Semaphore Wait-Before-Signal

The Vulkan SC Specification describes wait-before-signal in section "6.6 Queue Forward Progress" for timeline semaphores. Timeline semaphores are VkSemaphore objects created as type VK_SEMAPHORE_TYPE_TIMELINE.

The benefits of wait-before-signal justify supporting it with timeline semaphores. Using wait-before-signal can reduce synchronization latency by removing CPU host operations from the critical path of GPU and device synchronization. Likewise, synchronizing work with a wait-before-signal of Deterministic Fences (using VK_NV_external_sci_sync2 to interoperate with NvStreams) can avoid the Inter-Process Communication (IPC) overhead of sharing NvStreams NvSciSyncFence objects at runtime that would otherwise be necessary.

Design with care when using wait-before-signal synchronization in Vulkan SC applications. Problems with use of wait-before-signal can subtly introduce hangs of Vulkan SC commands or create long latencies that end with timeouts. If the GPU is waiting for a signal from the CPU at the same time the CPU is waiting, the system can enter a deadlock state until a timeout elapses.

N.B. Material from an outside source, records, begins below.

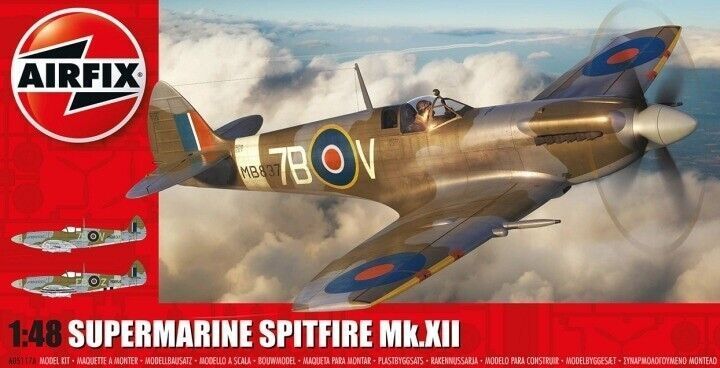 Airfix AF05117A 1/48 Supermarine Spitfire Mk.XII Airfix AF05117A 1/48 Supermarine Spitfire Mk.XII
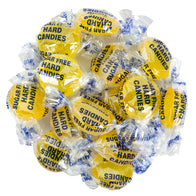 Lemon Discs Sugar Free - 6lb Bulk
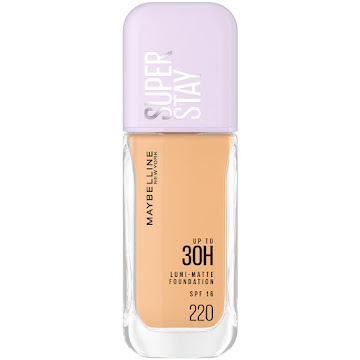 Base Líquida Maybelline   Superstay Lumi Matte 220 x 35 ml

To preclude any such hangs, you have the option of not enabling the timelineSemaphore feature.

When your application requests timeline semaphore wait-before-signal, with the waits on a CPU or GPU, the wait will not complete successfully if the signal operation becomes delayed indefinitely. These hang conditions can occur with native timeline semaphores, and with NvSciSync interoperability to VkSemaphore objects. The high-level guidance to ensure queue forward progress while using wait-before-signal is as follows:

  1. For each counter value of a timeline semaphore that your application waits upon, the signaler must not be delayed by the waiters.
  2. Consider in your control flow analysis that the VkQueue objects contain FIFO buffers of calibratable fixed size in this Vulkan SC implementation.